The reasons for the superiority of some artists over others are a little more obvious: in order to gain unquestioning authority in the digital world, one had to be in it from its very inception. Artists from the "outside" world, seeking to get on the radars of crypto collectors, should have something that is (a) understandable to the crypto community and (b) highly appreciated by them, namely: their own army of fans (with their likes, re-posts and retweets) and works with semantic content of the 21st century (awareness, transboundary character, rejection of traditional values).

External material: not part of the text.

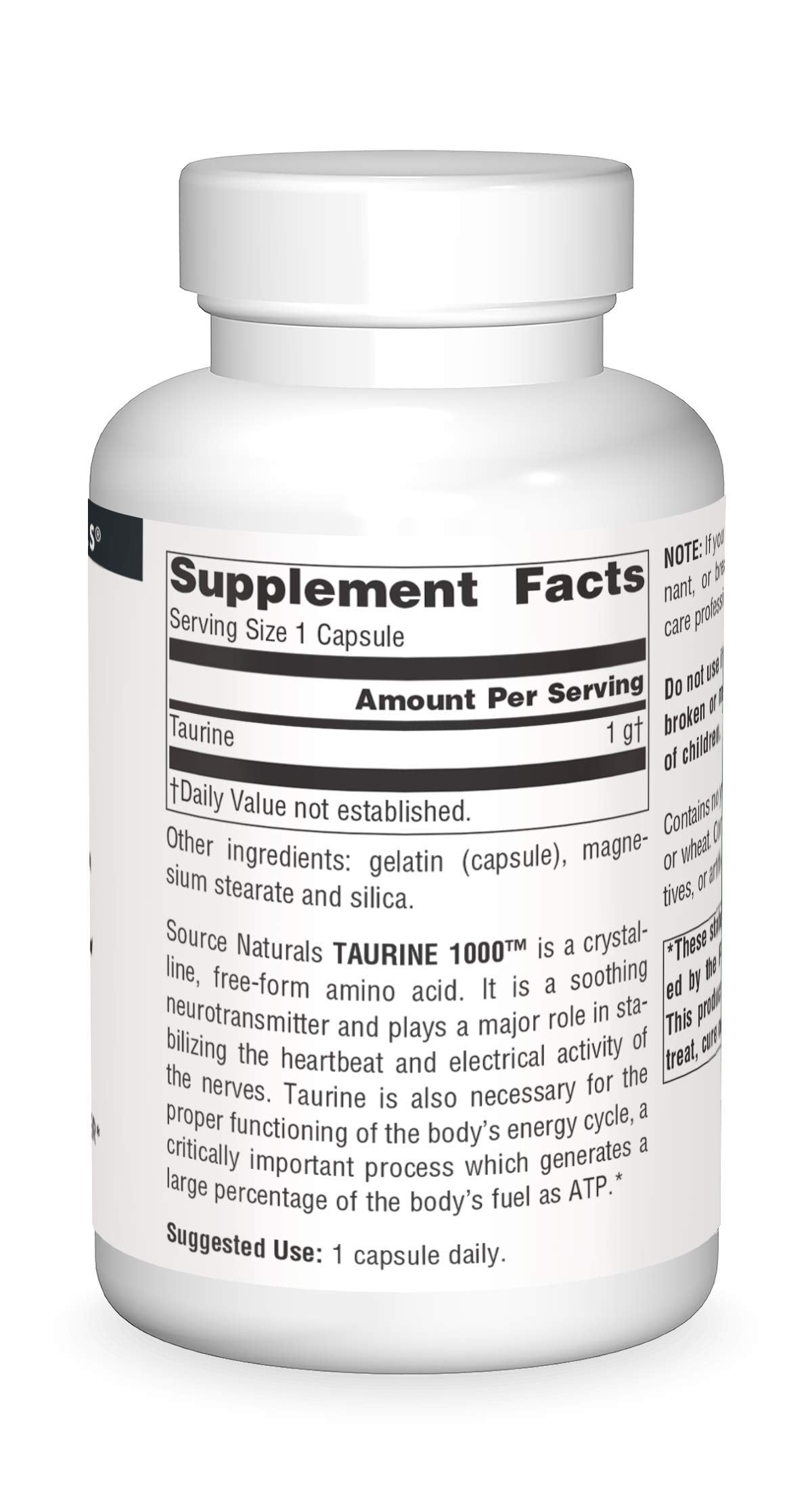 Packaging for Source Naturals Taurine 1000 mg 120 capsules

Finding the links between the period of ownership and the quality of resale transactions is the most difficult for a full analysis today, including actions with the asset itself between transactions — known in the physical world as "collection management". The secondary NFT market is at an early stage of development today, but it is already showing positive dynamics, e.g. the amount of secondary sales of NFT at the five largest platforms in December, 2020 was only 11% of the primary market (US$ 111 thousand vs US$ 1.02 million), in March, 2021 — already 57% (US$ 10.78 million vs US$ 18, 79 million), and in the first week of April it reached 82% (US$ 1.78 million vs US$ 2.16 million). In other words, the owners consider NFT as a full-fledged asset and expect that the crypto art market will respond in kind to them — first of all, it will provide tools for independent analysis and forecasting.

It took May and Moses a decade to build art indices. Today, given the search and computation capabilities of collecting and evaluating source material, this process can take up to one year. The former developers are unlikely to be involved into work with figures this time: having sold their index to Sotheby’s in 2016, wealthy and elderly mathematicians do not indulge the art community with news. However, the newly formed market needs its own balanced analysis based on mechanics understandable to the investor. The phrase "investment into NFT" would remain without it an oxymoron with a place of honour in the Museum of Experimental Astronautics.

The main thing now is that the market itself does not disappoint and continues to supply figures on a regular basis. And we will manage to deal with them in some way or other.